● Task instructions
Look through the material for lines with the word "divided", and copy each one.

** Data for review follows **

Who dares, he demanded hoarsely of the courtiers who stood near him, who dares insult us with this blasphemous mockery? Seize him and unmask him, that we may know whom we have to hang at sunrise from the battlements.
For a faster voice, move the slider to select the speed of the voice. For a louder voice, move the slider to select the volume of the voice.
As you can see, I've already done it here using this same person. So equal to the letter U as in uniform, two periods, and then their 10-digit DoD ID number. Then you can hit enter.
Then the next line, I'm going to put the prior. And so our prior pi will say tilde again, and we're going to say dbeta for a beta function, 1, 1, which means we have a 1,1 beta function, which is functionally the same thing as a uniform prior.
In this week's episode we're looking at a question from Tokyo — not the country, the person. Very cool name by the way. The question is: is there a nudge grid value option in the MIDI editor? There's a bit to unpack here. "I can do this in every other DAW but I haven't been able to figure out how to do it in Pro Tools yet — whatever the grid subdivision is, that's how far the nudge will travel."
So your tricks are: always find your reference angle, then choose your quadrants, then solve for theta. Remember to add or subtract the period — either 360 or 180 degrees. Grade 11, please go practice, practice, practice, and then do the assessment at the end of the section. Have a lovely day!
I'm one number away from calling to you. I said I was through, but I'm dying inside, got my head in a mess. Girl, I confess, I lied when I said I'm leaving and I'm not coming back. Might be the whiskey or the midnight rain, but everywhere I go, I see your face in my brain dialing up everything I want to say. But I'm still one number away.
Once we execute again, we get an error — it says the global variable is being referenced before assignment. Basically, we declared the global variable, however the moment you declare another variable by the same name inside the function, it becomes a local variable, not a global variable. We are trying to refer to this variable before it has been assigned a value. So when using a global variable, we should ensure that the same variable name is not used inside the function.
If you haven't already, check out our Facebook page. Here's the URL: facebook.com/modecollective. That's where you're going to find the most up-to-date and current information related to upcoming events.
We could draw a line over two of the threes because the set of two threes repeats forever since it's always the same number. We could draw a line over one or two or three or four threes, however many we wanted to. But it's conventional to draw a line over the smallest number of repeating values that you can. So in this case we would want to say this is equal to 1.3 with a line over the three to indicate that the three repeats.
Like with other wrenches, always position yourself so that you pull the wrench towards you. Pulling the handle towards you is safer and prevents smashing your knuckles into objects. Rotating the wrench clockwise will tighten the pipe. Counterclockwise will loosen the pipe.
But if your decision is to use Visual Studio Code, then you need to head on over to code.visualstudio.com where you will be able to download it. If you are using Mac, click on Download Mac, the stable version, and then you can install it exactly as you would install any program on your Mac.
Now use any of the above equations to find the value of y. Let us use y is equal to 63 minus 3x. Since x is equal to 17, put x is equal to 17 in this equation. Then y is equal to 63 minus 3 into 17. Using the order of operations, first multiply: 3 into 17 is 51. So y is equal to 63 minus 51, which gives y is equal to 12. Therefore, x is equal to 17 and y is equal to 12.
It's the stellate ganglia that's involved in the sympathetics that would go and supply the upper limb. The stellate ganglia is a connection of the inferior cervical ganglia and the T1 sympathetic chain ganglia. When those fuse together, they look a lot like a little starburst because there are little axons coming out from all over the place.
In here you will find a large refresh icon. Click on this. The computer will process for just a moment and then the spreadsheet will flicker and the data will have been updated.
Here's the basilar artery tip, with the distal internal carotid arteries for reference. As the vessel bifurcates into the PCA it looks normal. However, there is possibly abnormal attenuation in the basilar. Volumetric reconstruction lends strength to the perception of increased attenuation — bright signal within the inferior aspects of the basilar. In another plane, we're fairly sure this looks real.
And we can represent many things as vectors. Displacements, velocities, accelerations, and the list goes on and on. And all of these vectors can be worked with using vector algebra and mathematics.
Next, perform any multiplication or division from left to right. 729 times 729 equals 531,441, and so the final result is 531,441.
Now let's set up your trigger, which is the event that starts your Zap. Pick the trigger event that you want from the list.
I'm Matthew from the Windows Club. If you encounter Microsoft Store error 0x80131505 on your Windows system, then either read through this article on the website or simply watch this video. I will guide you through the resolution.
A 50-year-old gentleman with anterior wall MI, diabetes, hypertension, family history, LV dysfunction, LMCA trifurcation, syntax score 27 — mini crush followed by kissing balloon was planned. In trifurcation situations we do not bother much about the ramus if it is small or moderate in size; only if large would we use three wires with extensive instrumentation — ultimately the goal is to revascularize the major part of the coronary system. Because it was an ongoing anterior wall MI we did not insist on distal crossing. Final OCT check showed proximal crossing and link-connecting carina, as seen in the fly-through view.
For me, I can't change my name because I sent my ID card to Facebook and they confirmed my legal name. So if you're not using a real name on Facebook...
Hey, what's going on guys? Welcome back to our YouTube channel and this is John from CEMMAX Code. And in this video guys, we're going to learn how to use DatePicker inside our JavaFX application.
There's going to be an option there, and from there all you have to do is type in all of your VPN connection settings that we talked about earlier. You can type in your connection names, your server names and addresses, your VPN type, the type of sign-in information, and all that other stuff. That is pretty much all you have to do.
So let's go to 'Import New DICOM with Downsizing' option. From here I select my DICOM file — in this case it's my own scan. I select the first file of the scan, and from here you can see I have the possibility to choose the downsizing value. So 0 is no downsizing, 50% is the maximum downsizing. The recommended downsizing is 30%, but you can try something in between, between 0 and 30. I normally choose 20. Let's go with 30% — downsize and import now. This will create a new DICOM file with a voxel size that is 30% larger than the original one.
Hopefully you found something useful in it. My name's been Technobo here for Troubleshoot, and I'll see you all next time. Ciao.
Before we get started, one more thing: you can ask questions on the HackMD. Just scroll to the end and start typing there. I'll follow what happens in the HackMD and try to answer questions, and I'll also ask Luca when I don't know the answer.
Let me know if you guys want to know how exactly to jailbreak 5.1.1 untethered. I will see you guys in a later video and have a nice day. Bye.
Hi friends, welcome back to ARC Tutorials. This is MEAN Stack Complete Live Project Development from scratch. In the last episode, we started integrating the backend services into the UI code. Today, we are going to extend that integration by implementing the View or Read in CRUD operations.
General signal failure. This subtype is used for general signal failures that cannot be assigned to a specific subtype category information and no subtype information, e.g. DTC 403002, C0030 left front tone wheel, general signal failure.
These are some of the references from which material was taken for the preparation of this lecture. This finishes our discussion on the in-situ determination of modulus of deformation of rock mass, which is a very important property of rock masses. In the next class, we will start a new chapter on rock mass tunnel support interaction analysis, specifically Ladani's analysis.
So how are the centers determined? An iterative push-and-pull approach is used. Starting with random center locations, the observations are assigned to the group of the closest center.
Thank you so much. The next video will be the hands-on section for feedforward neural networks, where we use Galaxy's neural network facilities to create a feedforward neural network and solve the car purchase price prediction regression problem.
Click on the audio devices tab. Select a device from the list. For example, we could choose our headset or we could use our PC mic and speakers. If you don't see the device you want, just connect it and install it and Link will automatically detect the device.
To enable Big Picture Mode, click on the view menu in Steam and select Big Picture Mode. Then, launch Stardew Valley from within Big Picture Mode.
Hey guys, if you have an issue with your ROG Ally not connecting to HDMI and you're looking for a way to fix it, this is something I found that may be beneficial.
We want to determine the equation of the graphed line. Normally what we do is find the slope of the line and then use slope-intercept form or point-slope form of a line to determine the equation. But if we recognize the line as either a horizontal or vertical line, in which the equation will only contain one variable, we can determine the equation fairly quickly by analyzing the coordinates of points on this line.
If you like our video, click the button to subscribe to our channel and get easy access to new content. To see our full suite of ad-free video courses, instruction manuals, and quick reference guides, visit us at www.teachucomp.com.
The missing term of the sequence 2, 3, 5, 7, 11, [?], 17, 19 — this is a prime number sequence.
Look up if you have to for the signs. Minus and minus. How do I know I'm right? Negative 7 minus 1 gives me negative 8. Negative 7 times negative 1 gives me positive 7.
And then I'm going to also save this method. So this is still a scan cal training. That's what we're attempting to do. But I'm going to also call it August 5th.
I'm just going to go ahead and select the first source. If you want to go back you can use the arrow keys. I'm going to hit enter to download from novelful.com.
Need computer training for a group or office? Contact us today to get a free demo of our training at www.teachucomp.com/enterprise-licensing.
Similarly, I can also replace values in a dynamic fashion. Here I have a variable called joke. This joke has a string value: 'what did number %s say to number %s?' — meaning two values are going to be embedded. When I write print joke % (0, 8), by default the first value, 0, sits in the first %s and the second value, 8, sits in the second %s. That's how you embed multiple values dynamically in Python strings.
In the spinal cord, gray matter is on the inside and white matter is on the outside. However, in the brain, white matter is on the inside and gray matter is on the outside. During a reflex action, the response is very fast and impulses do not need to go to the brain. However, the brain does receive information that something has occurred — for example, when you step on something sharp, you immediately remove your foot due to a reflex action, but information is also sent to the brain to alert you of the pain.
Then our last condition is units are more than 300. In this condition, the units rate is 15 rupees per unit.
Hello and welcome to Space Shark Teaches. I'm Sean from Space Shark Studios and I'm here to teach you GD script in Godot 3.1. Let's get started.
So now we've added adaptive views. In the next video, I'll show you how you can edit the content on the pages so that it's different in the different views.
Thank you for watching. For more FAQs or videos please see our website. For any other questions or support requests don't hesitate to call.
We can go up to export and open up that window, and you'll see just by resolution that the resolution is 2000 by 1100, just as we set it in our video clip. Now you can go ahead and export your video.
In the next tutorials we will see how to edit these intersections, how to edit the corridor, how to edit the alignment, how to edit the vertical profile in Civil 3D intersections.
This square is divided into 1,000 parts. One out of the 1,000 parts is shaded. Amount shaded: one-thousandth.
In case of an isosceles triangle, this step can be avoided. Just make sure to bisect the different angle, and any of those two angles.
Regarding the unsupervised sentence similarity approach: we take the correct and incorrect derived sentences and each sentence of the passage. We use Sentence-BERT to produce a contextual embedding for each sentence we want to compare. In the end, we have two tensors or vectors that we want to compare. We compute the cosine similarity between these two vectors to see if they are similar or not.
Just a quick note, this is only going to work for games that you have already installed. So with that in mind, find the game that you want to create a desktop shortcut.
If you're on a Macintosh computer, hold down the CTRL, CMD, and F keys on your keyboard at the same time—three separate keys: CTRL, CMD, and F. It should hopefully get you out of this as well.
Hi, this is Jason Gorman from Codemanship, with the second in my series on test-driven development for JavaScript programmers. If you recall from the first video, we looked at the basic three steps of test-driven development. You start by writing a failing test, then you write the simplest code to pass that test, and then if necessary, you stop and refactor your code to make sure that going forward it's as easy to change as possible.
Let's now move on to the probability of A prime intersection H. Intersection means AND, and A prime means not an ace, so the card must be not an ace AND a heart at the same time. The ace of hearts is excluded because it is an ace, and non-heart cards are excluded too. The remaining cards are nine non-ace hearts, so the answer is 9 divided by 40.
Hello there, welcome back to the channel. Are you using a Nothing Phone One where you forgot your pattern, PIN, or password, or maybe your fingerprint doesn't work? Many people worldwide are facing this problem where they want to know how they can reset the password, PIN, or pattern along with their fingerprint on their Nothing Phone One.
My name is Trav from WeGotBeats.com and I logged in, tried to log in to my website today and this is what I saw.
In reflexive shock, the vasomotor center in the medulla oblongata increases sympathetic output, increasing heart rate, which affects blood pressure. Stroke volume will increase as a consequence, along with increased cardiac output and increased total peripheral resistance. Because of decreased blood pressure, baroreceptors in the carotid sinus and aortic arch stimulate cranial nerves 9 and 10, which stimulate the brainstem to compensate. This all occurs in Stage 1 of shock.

** End of Data for review **

● Reply
This square is divided into 1,000 parts. One out of the 1,000 parts is shaded. Amount shaded: one-thousandth.
Let's now move on to the probability of A prime intersection H. Intersection means AND, and A prime means not an ace, so the card must be not an ace AND a heart at the same time. The ace of hearts is excluded because it is an ace, and non-heart cards are excluded too. The remaining cards are nine non-ace hearts, so the answer is 9 divided by 40.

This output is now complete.